§ **ASSIGNMENT**: Copy out exactly, from the entries that follow, the line holding "#غرفة_الرياض", the line holding "Use a double-angle", and all lines between them, but no pictures.

- - - -

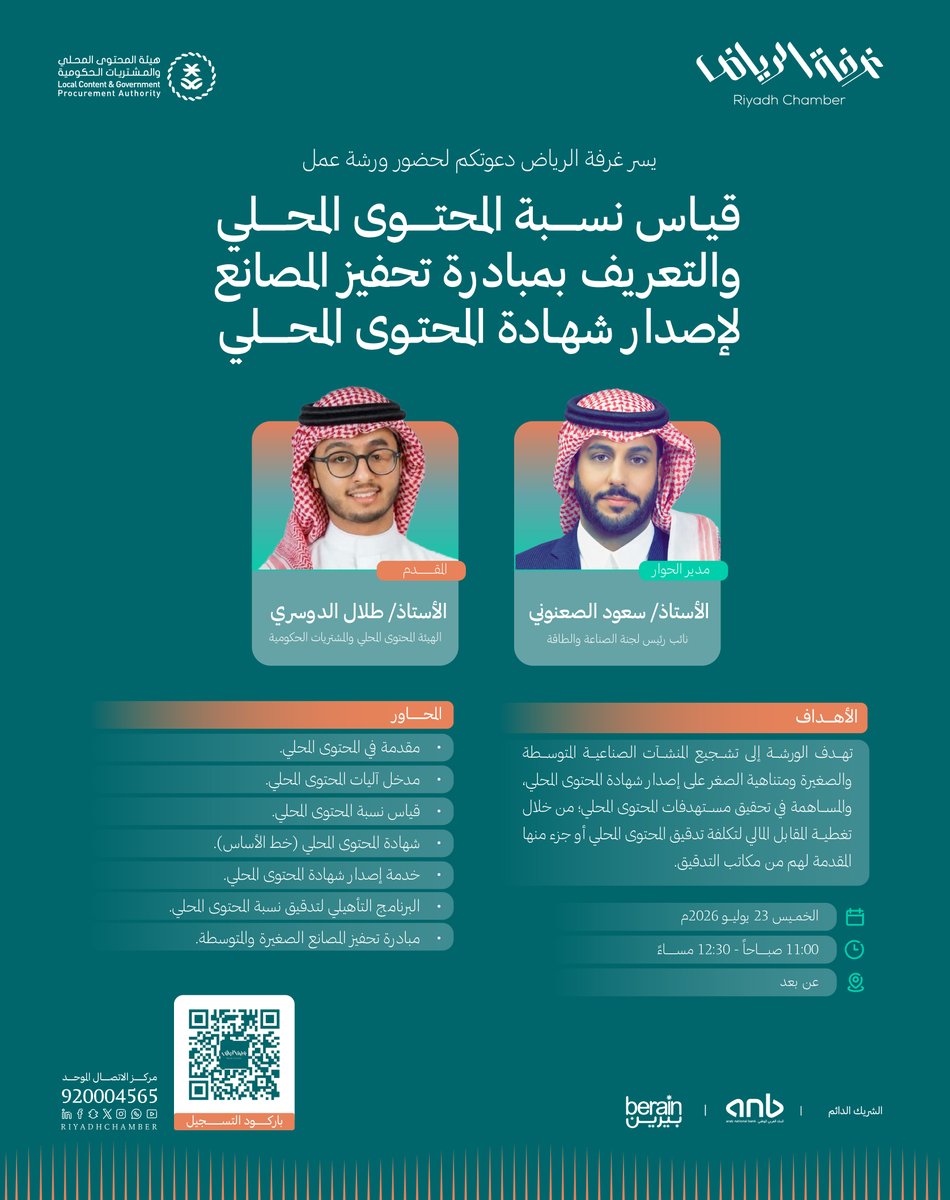 RiyadhChamber's tweet photo. #دعوة
لحضور ورشة عمل "قياس نسبة المحتوى المحلي والتعريف بمبادرة تحفيز المصانع لإصدار شهادة المحتوى المحلي"

🗓️ | الخميس، 23 يوليو 2026م
🕰️ | 11:00 صباحاً - 12:30 مساءً
📍 | عن بعد

للتسجيل: https://t.co/YEaAZPVHkW

#غرفة_الرياض
#صوت_اعمالك https://t.co/cnAc4ejoLx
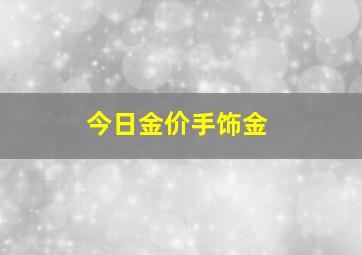 今日金价手饰金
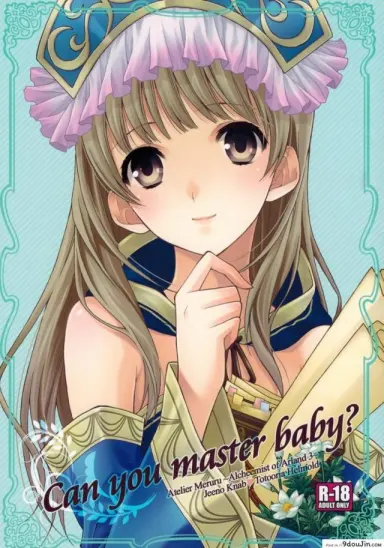 [Totsugeki Wolf (Yuuki Mitsuru)] Can you master baby? (Atelier Meruru) (C81) แปลไทย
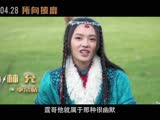 《战神纪》陈伟霆个人特辑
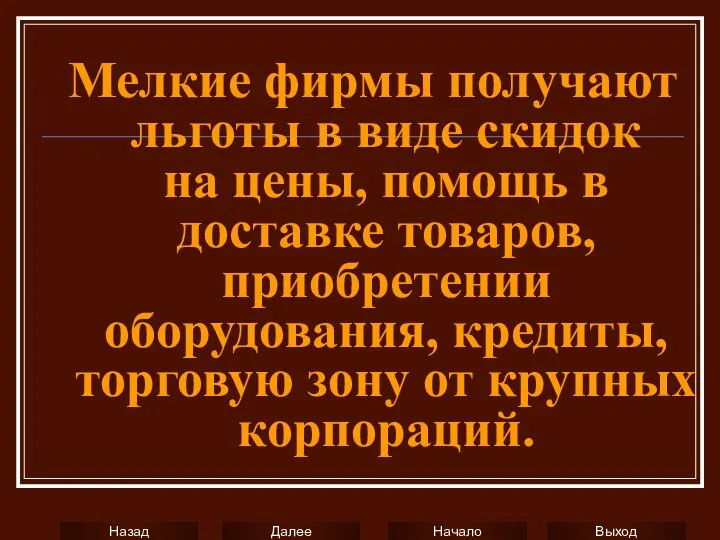 Мелкие фирмы получают льготы в виде скидок на цены, помощь в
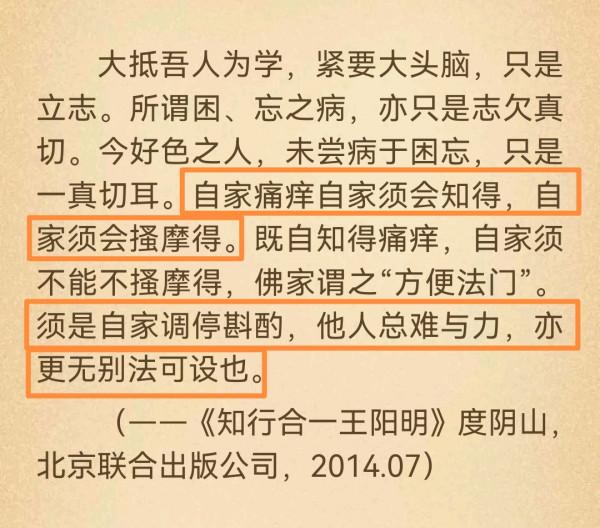 從“自家撓癢”看王亞平太空出艙,一根紅線貫穿,奏響自強之歌 從“自家撓癢”看王亞平太空出艙,一根紅線貫穿,奏響自強之歌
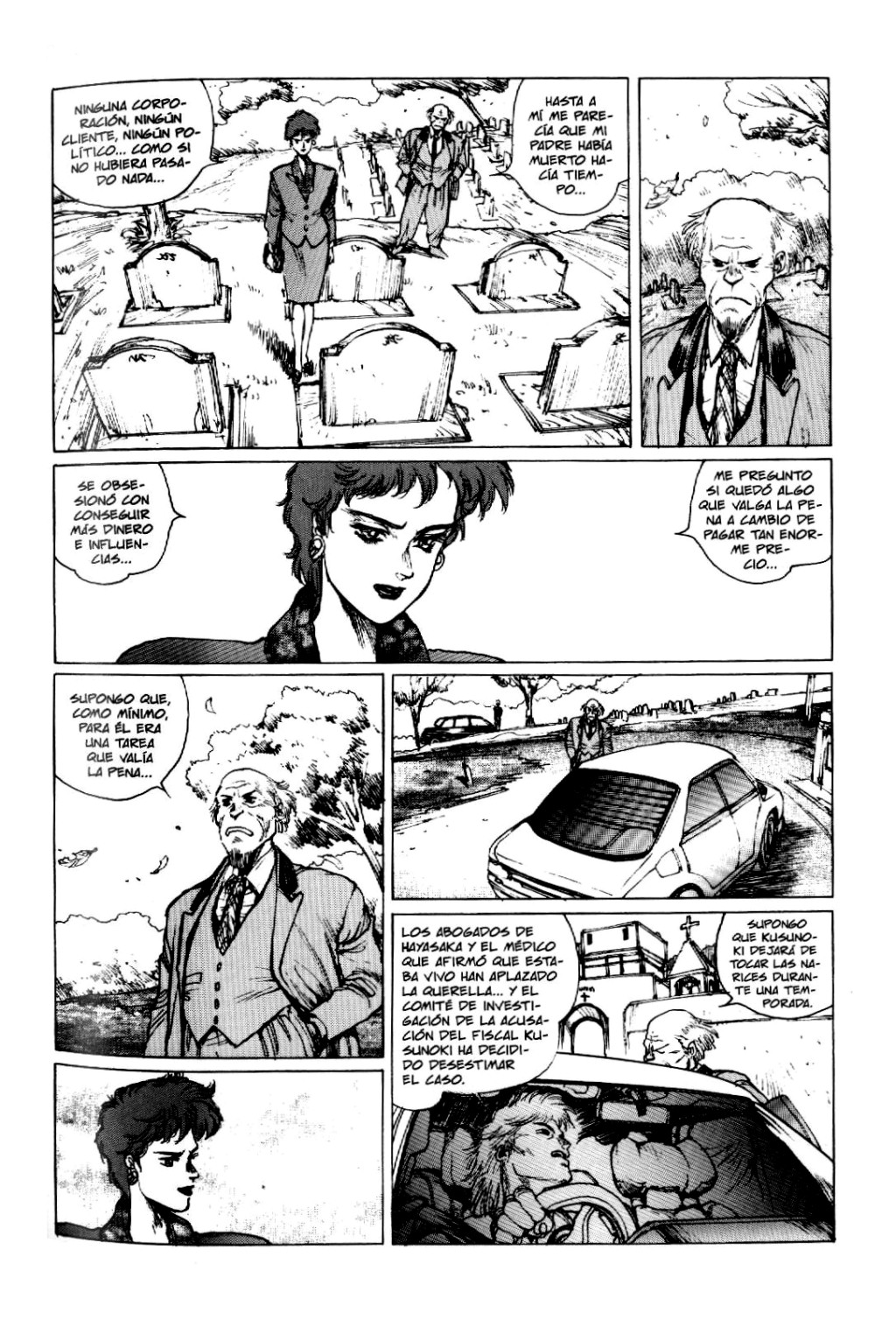 Ghost in the Shell 1.5: Human-Error Processor (Comic Release Group) 18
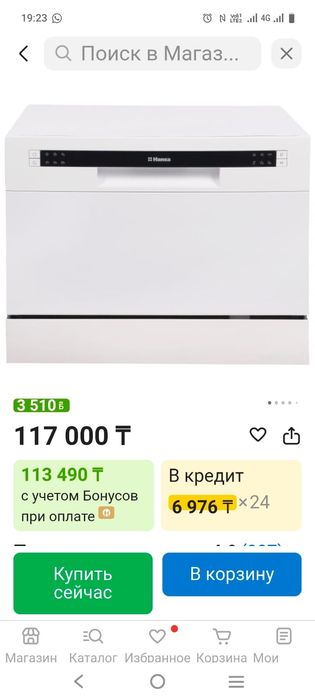 Посудомойка Hansa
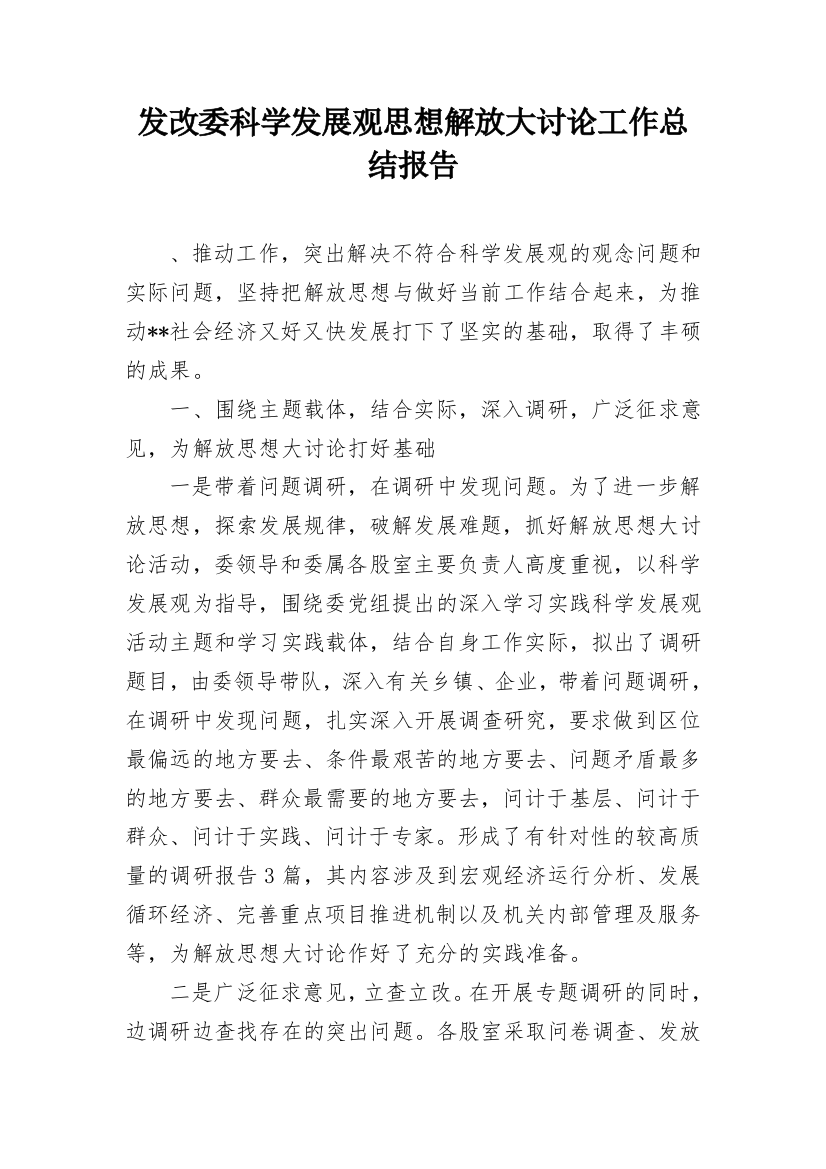 发改委科学发展观思想解放大讨论工作总结报告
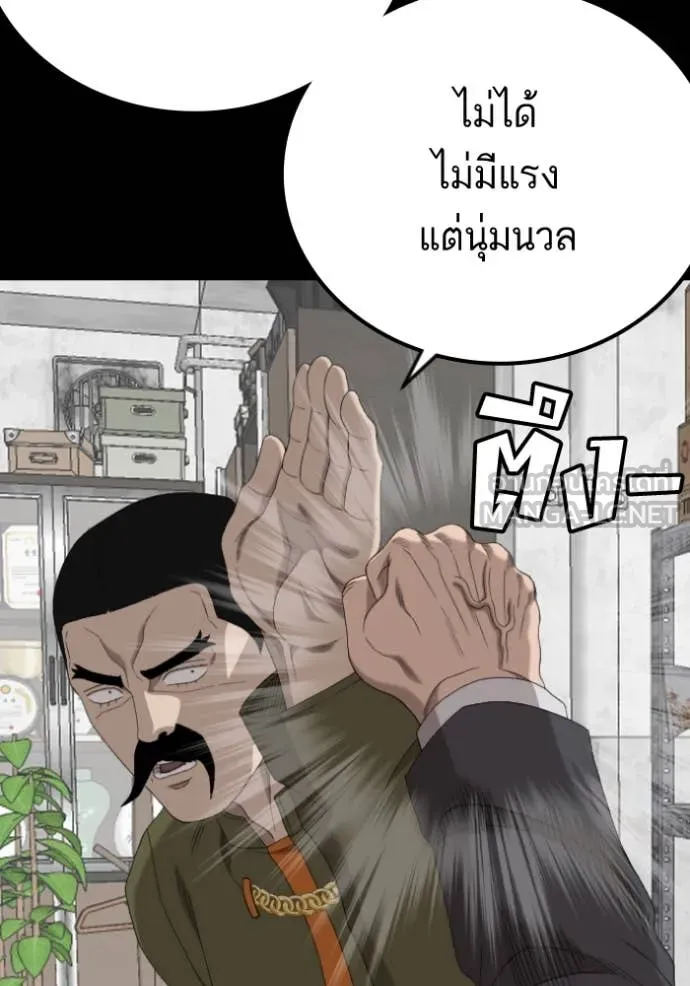 BAD GUY ตอนที่ 271 รูปที่ 144
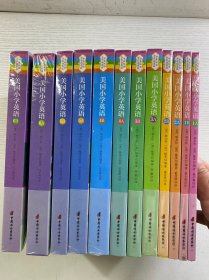 美国小学英语 全12册（1A-6B）正版·未拆封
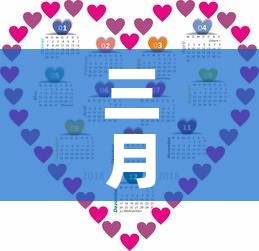 三月十二的疫情新增多少 → 3月12日024时全国疫情 三月十二的疫情新增多少 → 3月12日024时全国疫情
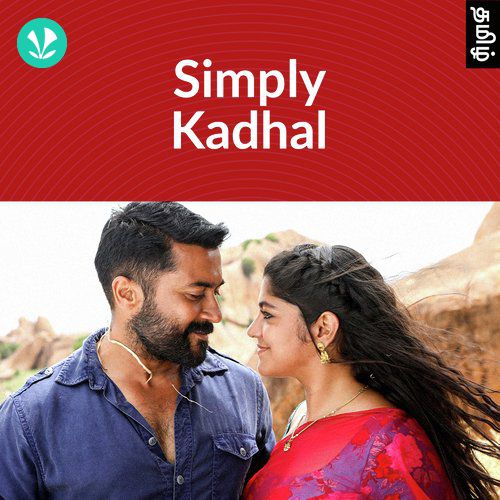 Simply Kadhal - Tamil_poster_image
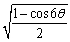 Use a double-angle formula or a half-angle formula to simplify .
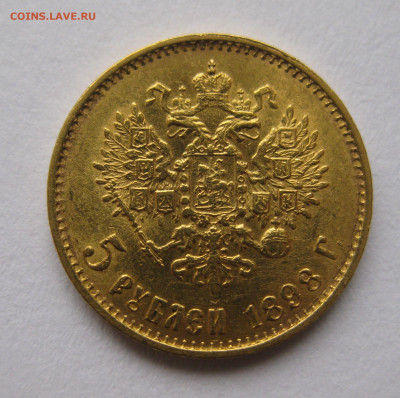 5 рублей 1898 АГ "Большая голова" - IMG_4460.JPG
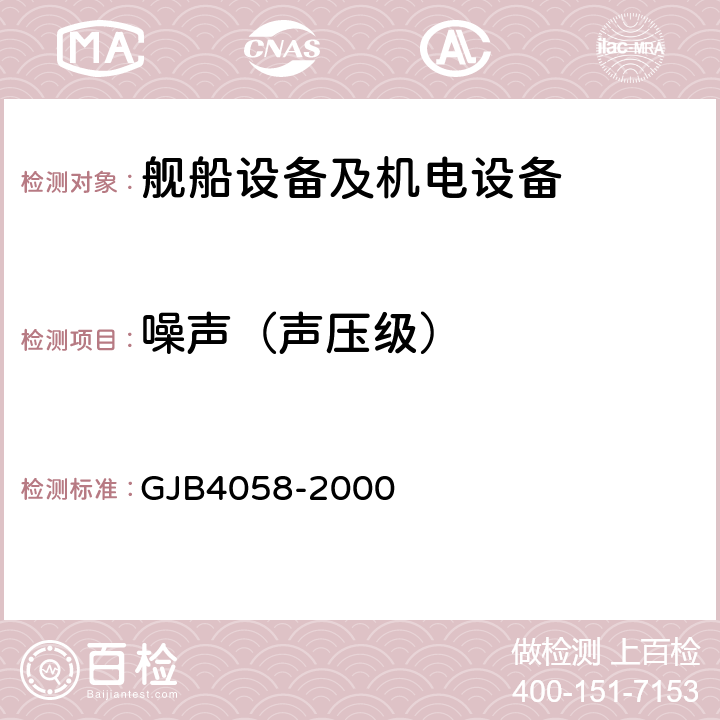 噪声（声压级） 舰船设备噪声、振动测量方法 GJB4058-2000 5.1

- - - -

§ **RESULT**:
#غرفة_الرياض
#صوت_اعمالك https://t.co/cnAc4ejoLx
 今日金价手饰金
 [Totsugeki Wolf (Yuuki Mitsuru)] Can you master baby? (Atelier Meruru) (C81) แปลไทย
 《战神纪》陈伟霆个人特辑
 Мелкие фирмы получают льготы в виде скидок на цены, помощь в
 從“自家撓癢”看王亞平太空出艙,一根紅線貫穿,奏響自強之歌 從“自家撓癢”看王亞平太空出艙,一根紅線貫穿,奏響自強之歌
 Ghost in the Shell 1.5: Human-Error Processor (Comic Release Group) 18
 Посудомойка Hansa
 发改委科学发展观思想解放大讨论工作总结报告
 BAD GUY ตอนที่ 271 รูปที่ 144
 美国小学英语 全12册（1A-6B）正版·未拆封
 三月十二的疫情新增多少 → 3月12日024时全国疫情 三月十二的疫情新增多少 → 3月12日024时全国疫情
 Simply Kadhal - Tamil_poster_image
 Use a double-angle formula or a half-angle formula to simplify .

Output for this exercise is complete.